In 2016, a detailed account of Holbert's crimes written by Nick Foster, The Jolly Roger Social Club: A True Story of a Killer in Paradise, was published.

In January 2019, the Daily Mirror published an exposé on Holbert's supposed existence inside the New Chiriqui Public Prison. The online edition alleged that Holbert enjoys liberal privileges, has access to firearms inside the prison, and feasts on fast food daily. It reported on Holbert's status as the leader of various violent gangs, which Holbert defends as Christian groups. In 2021, Holbert published a controversial memoir about his life in prison, Long Live the King Wild Bill (The Hero is a Villain).

Holbert was criticized by the authorities for publishing photos of prison officials in 2015. The prison system of Panama keeps staff members' names private. Holbert, alleging corruption, published photos of several government functionaries. A corruption scandal ensued in the prison system, and several high-level officials of the now-defunct David Public Prison were fired or sanctioned by the government.

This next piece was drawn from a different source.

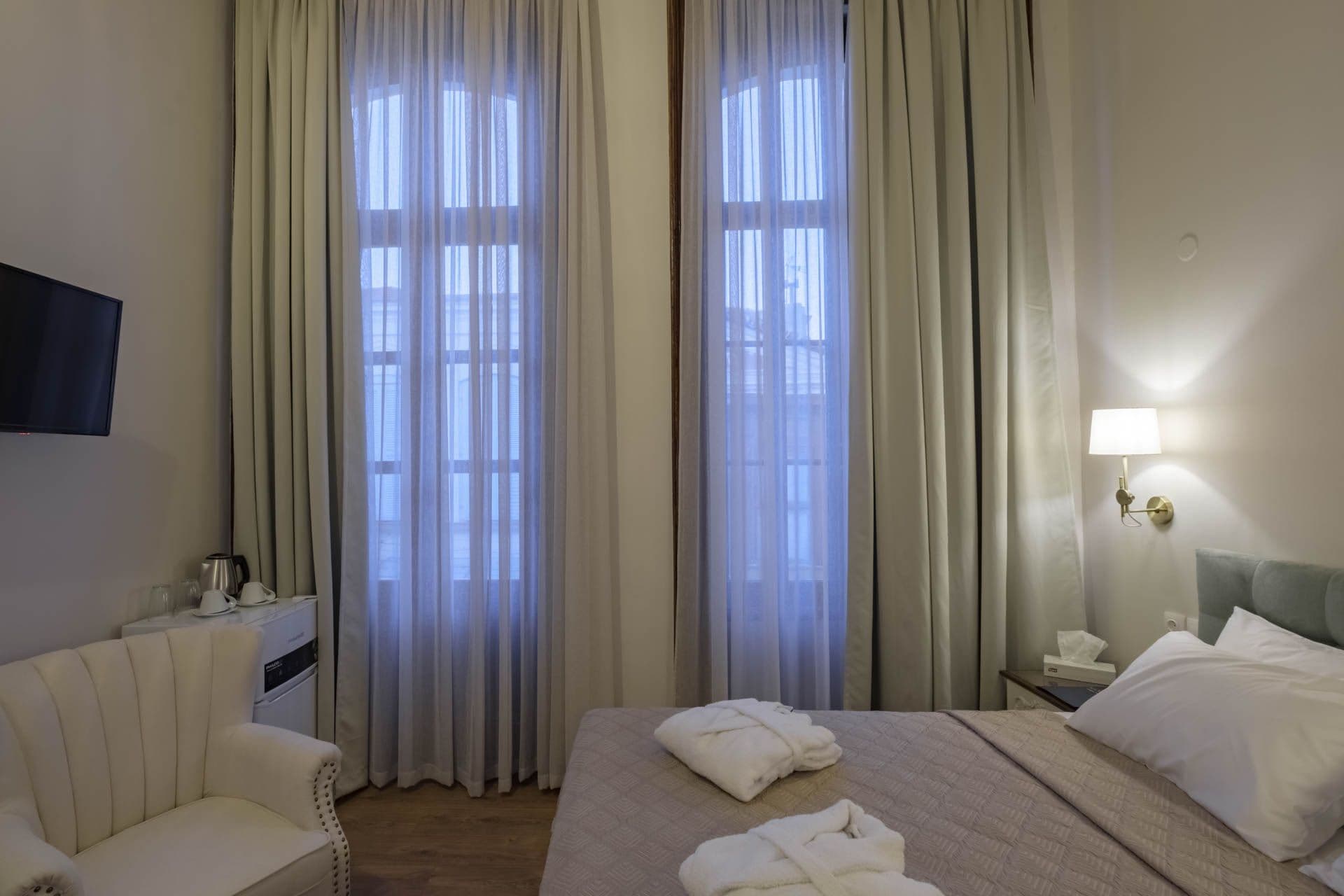Double Room with Balcony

Holbert did an interview with the Daily Mirror on January 15, 2019, outlining the conditions of the Panamanian prison systems.

== Prison chaplain ==
Holbert now operates and chairs Los Reos Unificados, a syndicated Christian inmate organization, in Panama. He also operates Panama Human Rights, an international human rights organization for prisoners. In September 2014, Holbert's lawyer issued a statement saying that Holbert had been appointed chaplain of the Catholic Church in the Public Jail of David. In February 2020, Holbert was appointed Pastor and Mediator to the approximately 150 inmates of the super-maximum security wing of the most notorious prison in the Republic of Panama, La Joya. In early 2020, he was appointed pastor of the infamous Sector C in the La Joya Prison Complex. He also acts as the mediator between the various violent gangs of the prison.